-- Opening Marker --
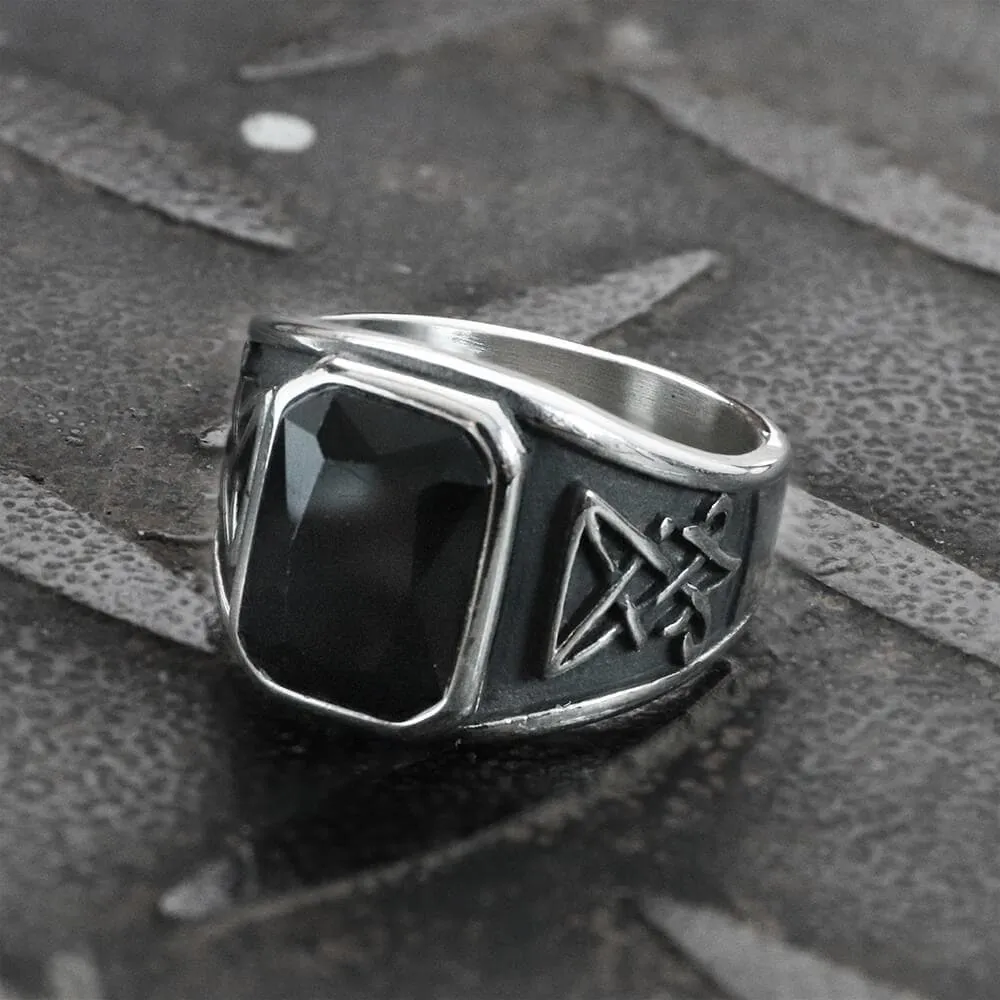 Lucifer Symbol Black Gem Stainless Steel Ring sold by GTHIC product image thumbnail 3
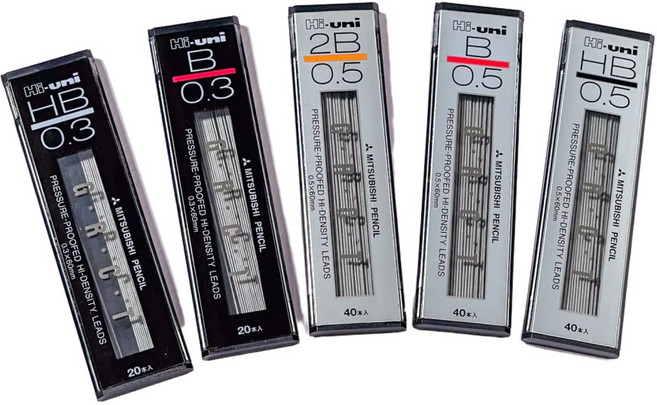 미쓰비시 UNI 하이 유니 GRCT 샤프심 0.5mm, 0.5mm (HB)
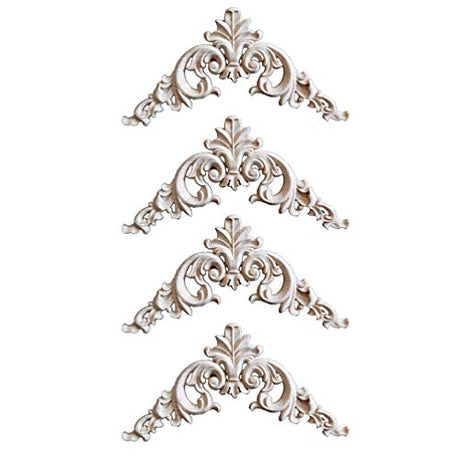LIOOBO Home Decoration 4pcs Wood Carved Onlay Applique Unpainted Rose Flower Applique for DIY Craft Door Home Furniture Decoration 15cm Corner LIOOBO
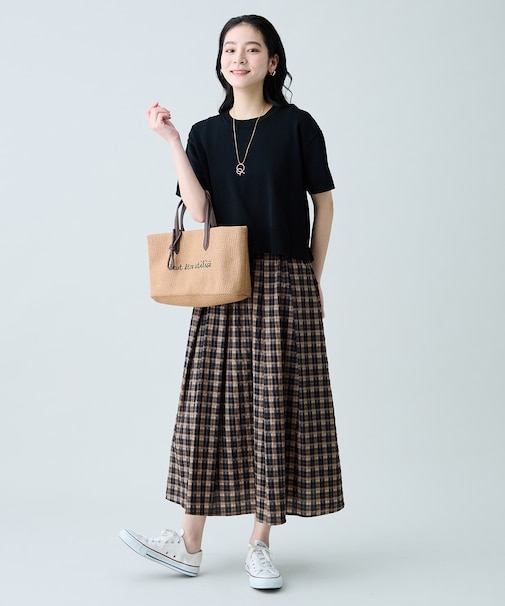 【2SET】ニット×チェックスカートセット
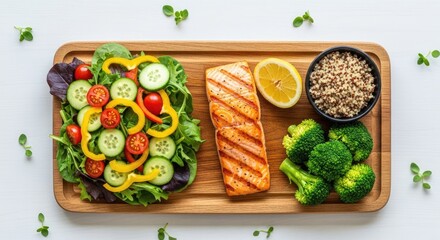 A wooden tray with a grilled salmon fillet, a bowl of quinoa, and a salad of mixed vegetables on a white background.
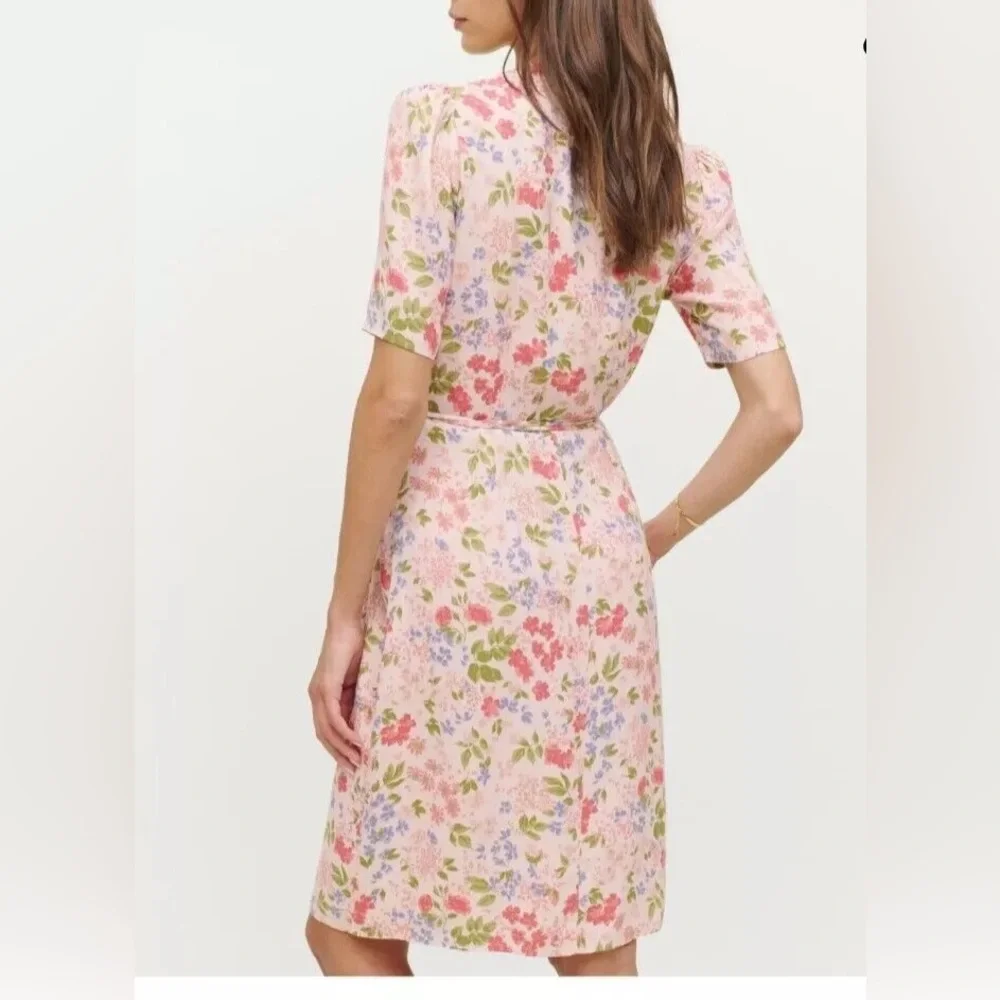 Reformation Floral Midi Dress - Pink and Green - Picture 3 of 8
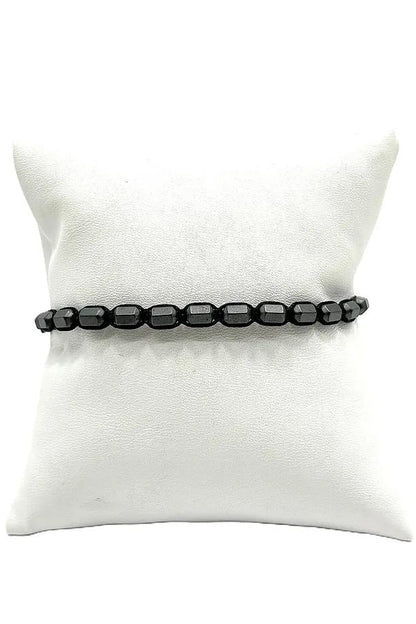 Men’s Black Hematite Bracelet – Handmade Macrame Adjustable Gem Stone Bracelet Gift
-- Closing Marker --
-- Opening Marker --
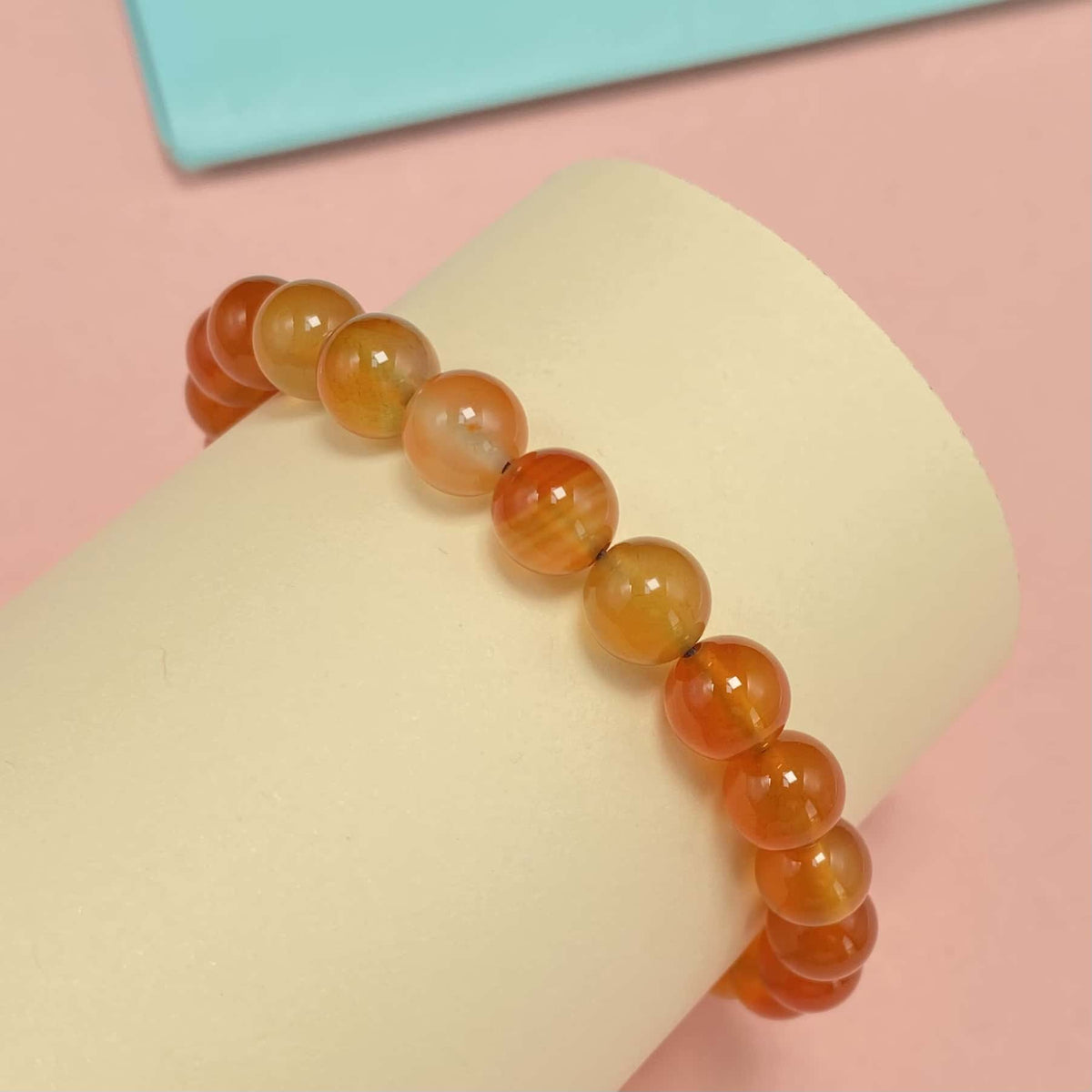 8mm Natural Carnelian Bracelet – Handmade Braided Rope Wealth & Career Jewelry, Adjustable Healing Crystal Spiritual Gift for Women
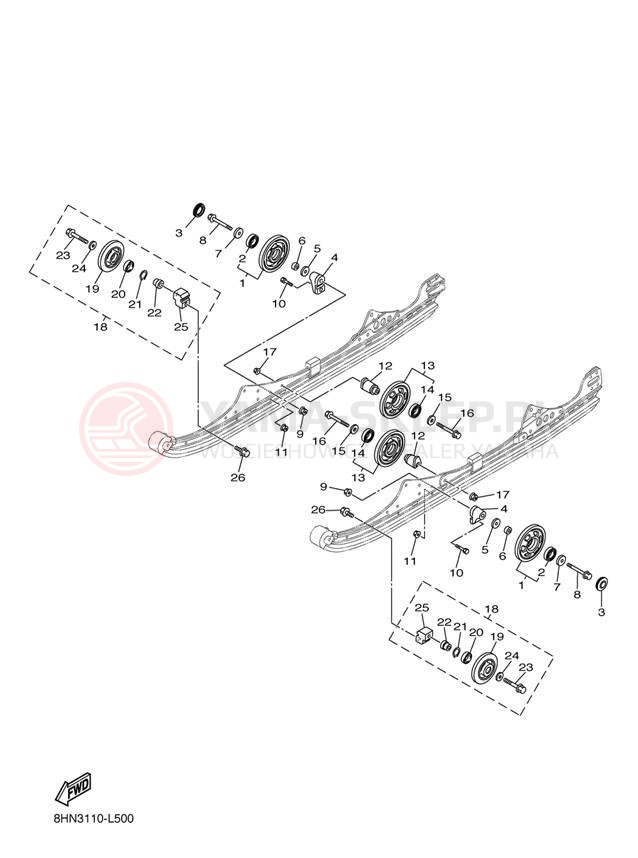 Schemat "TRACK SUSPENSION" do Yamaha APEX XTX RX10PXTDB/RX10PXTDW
-- Closing Marker --
**EXERCISE OBJECTIVE**
Here the job is to copy the stretch of records from the line containing "미쓰비시 UNI 하이 유니 GRCT 샤프심 0.5mm, 0.5mm (HB)" through the line containing "Men’s Black Hematite", word for word. Leave every picture out.

**EXERCISE SOLUTION**
 미쓰비시 UNI 하이 유니 GRCT 샤프심 0.5mm, 0.5mm (HB)
LIOOBO Home Decoration 4pcs Wood Carved Onlay Applique Unpainted Rose Flower Applique for DIY Craft Door Home Furniture Decoration 15cm Corner LIOOBO
 【2SET】ニット×チェックスカートセット
 A wooden tray with a grilled salmon fillet, a bowl of quinoa, and a salad of mixed vegetables on a white background.
 Reformation Floral Midi Dress - Pink and Green - Picture 3 of 8
 Men’s Black Hematite Bracelet – Handmade Macrame Adjustable Gem Stone Bracelet Gift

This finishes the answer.